Cracker Barrel expects to spend as much as $700 million over the next three years to rejuvenate the 54-year-old concept’s operations, menu and perception among hardcore fans and uninitiated consumers alike.
The comprehensive update is intended to reverse a drop in guest counts that’s currently running about 16% year-to-date. The decline has been particularly severe at dinner, according to executives.
They acknowledged that the brand is also losing market share to competitors. Research revealed that the rivals, whom the officials did not name, are outshining the chain on such fundamentals as menu appeal, value, convenience and the overall guest experience.
“We generally rank in the middle of the peer set, and we do not lead in any of these areas,” CEO Julie Masino said in revealing the particulars of the recast to Wall Street analysts and members of the media.
The core problem, she said, is “we’re just not as relevant as we once were.”
The rejuvenation effort will touch virtually every aspect of the concept, Masino indicated. In all, she said, the attempt to make the concept more contemporary without losing its nostalgic ambiance encompasses about 20 initiatives. She grouped them into four areas:
Menu. Ten stores are currently testing a new bill of fare that Masino characterized as building on Cracker Barrel’s perception as a place to go for scratch-made homestyle foods while simultaneously appealing to more contemporary preferences. She cited the examples of a shepherd’s pie casserole, slow-braised pot roast and creamy chicken and rice.
In addition to revamping the options, the company will update the way certain dishes are made to simply the preparation process. For instance, back-of-house employees still cut lettuce and pineapples by hand. “Some of our recipes and processes haven’t evolved in decades,” Masino said.
For the sake of simplicity, some items will be dropped, she said.
Pricing. “We believe there is a large opportunity to improve the way we price,” Masino said. She explained that there’s a surprising lack of variety in pricing from one market to another, with most units opting for the least-pricey of Cracker Barrel’s five pricing tiers. A unit in an area with $90,000-a-year households is charging the same as a store where the mean income is less than half. She suggested that pricing will be customized more aggressively to the market a store serves. In test areas where pricing was more tailored to the market, the average check rose about 3%, according to the CEO.

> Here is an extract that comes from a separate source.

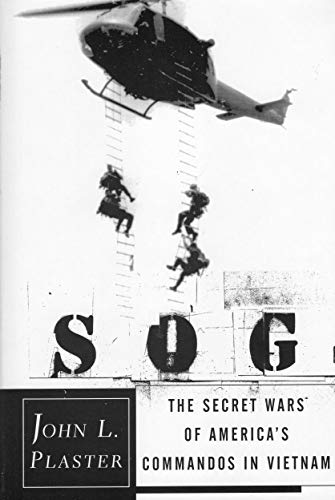 SOG: The Secret Wars of America's Commandos in Vietnam - Plaster, John L.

Physical appearance. Many stores have not been adequately maintained, requiring “a defensive investment” in their physical appearance and functionality, said Masino. Two units have tested a renovation package that guests characterized as “lighter, brighter, fresher, cleaner.”

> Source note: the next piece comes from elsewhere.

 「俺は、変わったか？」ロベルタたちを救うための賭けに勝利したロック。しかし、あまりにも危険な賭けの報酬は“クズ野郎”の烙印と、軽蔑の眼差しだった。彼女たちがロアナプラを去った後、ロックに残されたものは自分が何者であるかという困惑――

Simultaneously, the chain is testing a new prototype that’s 15% smaller than the current typical Cracker Barrel, without any loss in seating. “This will help unlock unit growth over the long term,” Masino said.
The company has retained an industrial engineering company to ensure the operations of new stores are simpler and more efficient.

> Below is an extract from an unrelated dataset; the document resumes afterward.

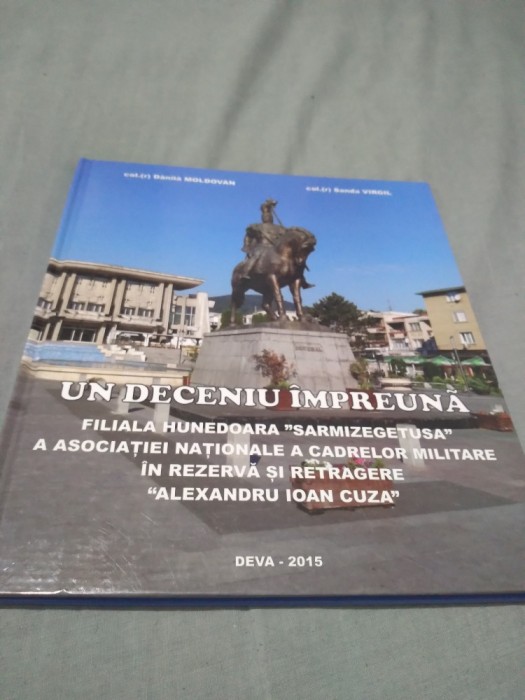 UN DECENIU IMPREUNA-FILIALA HUNEDOARA SARMIZEGETUSA2015 COLONEL rDANILA MOLDOVAN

Off-premise. Although Cracker Barrel has grown its delivery and to-go businesses and has enjoyed particular success from its holiday catering programs, “there’s an opportunity to further grow this business,” said Masino. She did not divulge any particulars on how the chain intends to do it, but noted that the brand will continue to invest in digital enhancements like functionality upgrades to its loyalty program. Though introduced just a few months ago, it already boasts 5 million members, she noted.
To pay at least a portion of the rejuvenation effort, Cracker Barrel’s board voted to cut the company’s next quarterly dividend from $1.30 a share to about 25 cents.
The plan calls for spending $160 million to $180 million in its next fiscal year; $180 million to $220 million in fiscal 2026; and $260 to $300 million in fiscal 2027.
Masino indicated that Cracker Barrel’s results for the third and fourth quarters of fiscal 2024 will likely fall below expectations because of continuing traffic erosion.
CFO Craig Pommells indicated that results should start to improve significantly during the second half of fiscal 2026 and then continue into the next year.
The rejuvenation program was drafted not as one or two-year fix, but “for the next 10 years and beyond,” said Masino.
“We simply have to invest in the future,” she said.
The company is scheduled to report Q3 results on May 30.